Quant aux sanctions prévues par ce texte, elles n'annulent pas les outils de dialogue tels que la possibilité de faire des observations orales ou écrites ou de négocier avec l'employeur : toutes ces pratiques restent possibles, mais il y a un moment où il faut se donner la possibilité de sanctionner. Peut-on accepter que seuls 4 % des infractions fassent l'objet d'un procès-verbal et que, les deux tiers de ces infractions n'étant pas poursuivies, c'est finalement 1 % seulement des infractions constatées qui fasse l'objet de poursuite ? Si ces infractions portaient sur d'autres règles de droit, monsieur Tian, vous crieriez au scandale !

Je constate, madame Geoffroy et monsieur Vercamer, qu'il existe aujourd'hui une dépénalisation de fait du droit du travail par absence de poursuite. Ce qu'il nous faut, ce sont des outils assez efficaces pour assurer l'effectivité de ce droit, et il me semble que les sanctions administratives ont ce caractère.

S'agissant de l'autorité chargée de prononcer les sanctions, le DIRECCTE en l'espèce, il me semble de bonne politique qu'elle soit distincte de celle chargée du contrôle. Une telle distinction permet en effet d'avoir un deuxième regard et de préserver la neutralité de la sanction, au cas où le contrôle se serait mal passé. Dans l'état actuel du droit, l'agent qui contrôle ne sanctionne pas davantage : il transfère le dossier au procureur de la République, et, dans les deux tiers des affaires, on ne sait pas où le dossier a été classé. Par ailleurs, dans l'exercice de cette responsabilité, le DIRECCTE n'est pas subordonné au préfet.

Cela ne supprime certes pas les risques de schizophrénie, mais ceux-ci existent à tous les niveaux. Croyez-vous qu'un juge judiciaire qui envisage de prononcer une lourde peine ne se pose pas la question, légitime, de l'incidence de la sanction sur la santé de l'entreprise ?

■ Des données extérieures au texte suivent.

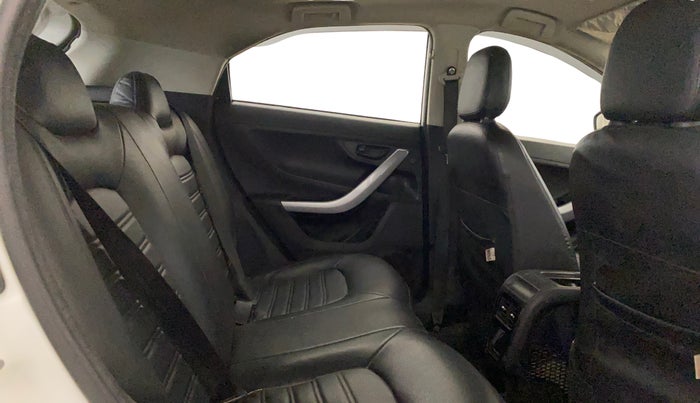 2022 Tata NEXON XM PLUS SUNROOF PETROL, Petrol, Manual, 56,339 km, Right Side Rear Door Cabin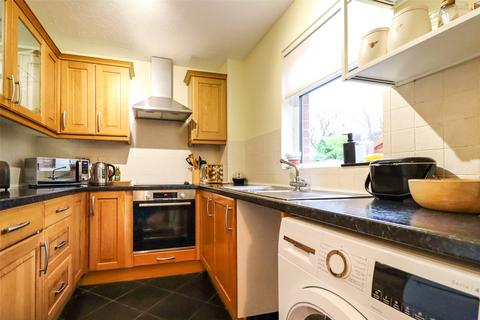 2 bedroom maisonette for sale, Mellersh Close, Fleet GU52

Ce nouveau régime est d'autant plus intéressant que, faisant intervenir l'administration, il lui permettra d'élaborer une politique unique des sanctions. En tout état de cause, c'est le juge et l'inspecteur du travail dans ses fonctions de contrôle qui doivent être indépendants.

Je suis très sensible aux observations que m'ont adressées M. Sebaoun et Mme Orliac. J'ai bien noté, madame Fraysse et monsieur Roumegas, que vous réserviez votre vote, tout en reconnaissant les avancées de ce texte. J'espère que cette discussion nous permettra d'avancer ensemble assez loin pour que votre vote soit favorable.